The role expected of the world's leaders today will be that of catalyst in cross-coupling. In our challenge to build our open future, we are driven to reconnect new bonds, "Kizuna," to prevent people from being separated from the society. As the leader of Japan, I want to achieve a cross-coupling for Japan and for the wider world as well.
With this expression of determination, I will bring my speech to a close. Thank you very much.
DR. KLAUS SCHWAB, EXECUTIVE CHAIRMAN OF THE WORLD ECONOMIC FORUM: Prime Minister, thank you very much for this comprehensive presentation of your policies. I was struck particularly by your concept of kizuna, because if I think of the purpose of what we are doing here at the World Economic Forum at the Annual Meeting, it corresponds exactly to this concept of interpersonal bonding. I also was very impressed by your concept of "a society of the least unhappiness." I think it is an interesting and new concept which we should apply certainly in our thinking and in our policies.
PRIME MINISTER NAOTO KAN: I feel that China becoming the world's second-largest economy through its economic growth is something we should welcome.

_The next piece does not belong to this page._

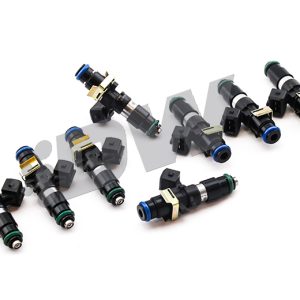 DeatschWerks Chevy LS1/LS6 / 85-04 Ford Mustang GT Bosch EV14 1200cc Injectors (Set of 8)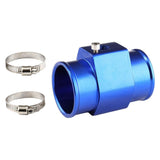 Generic Water Temp Joint Pipe Water Temp Meter Temperature Gauge Joint Pipe 3.6cm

DR. KLAUS SCHWAB: Prime Minister, when you speak about kizuna and particularly also about "a society of least unhappiness" and you see here in this room over one thousand people from business and all walks of society, how could you cooperate with those people? What does it mean for you? What do you expect from the World Economic Forum?
PRIME MINISTER NAOTO KAN: My concept of "a society with the least unhappiness" is not something to be pursued only within our domestic policies. I consider it important that things advance under this same type of principle internationally and within each country around the world.
DR. KLAUS SCHWAB: Prime Minister, you mentioned "opening up the nation" and the third way for opening up the nation. Now, some cynics could say that we have heard this before. What is really new in your "third opening" of the nation?
PRIME MINISTER NAOTO KAN: Actually when I was speaking with several leaders right before delivering this address, they shared with me the insight that what is most important - even more than opening Japan at the societal level such as through economic diplomacy - is opening up Japan mentally. Indeed, what is now important for Japan and for the Japanese is to have an opening up of Japan within our way of thinking, or psychologically - to have confidence that yes, we certainly are able to shoulder a more substantial role both domestically and internationally, and then set about actively tackling those issues. That is necessary as the first step, and then on that basis we would address the economic issue of free trade as well as take actions overseas with all of Japanese society feeling that Japan's major contributions are making a difference in enhancing stability around the world, particularly through assistance to emerging economies and developing nations. That is the most important thing, in my opinion.
DR. KLAUS SCHWAB: Let me ask you a personal question. You are, as far as I know, the first Prime Minister whose father hasn't been a prime minister. And you are also something which apparently is very rare in Japan compared to other countries - you are a lawyer. You have been a patent lawyer. If you take your completely different experience before entering politics, in which way does it serve you? Or does it hinder you?
PRIME MINISTER NAOTO KAN: Being a patent attorney means you have a tremendous number of opportunities to encounter technologies. In that sense, it has been a major plus to me in how I look at society.
DR. KLAUS SCHWAB: Prime Minister, unfortunately we have to conclude this session.
PRIME MINISTER NAOTO KAN: Let me thank you, Dr. Schwab, and also the many people who listened to my remarks with interest. Thank you very much indeed.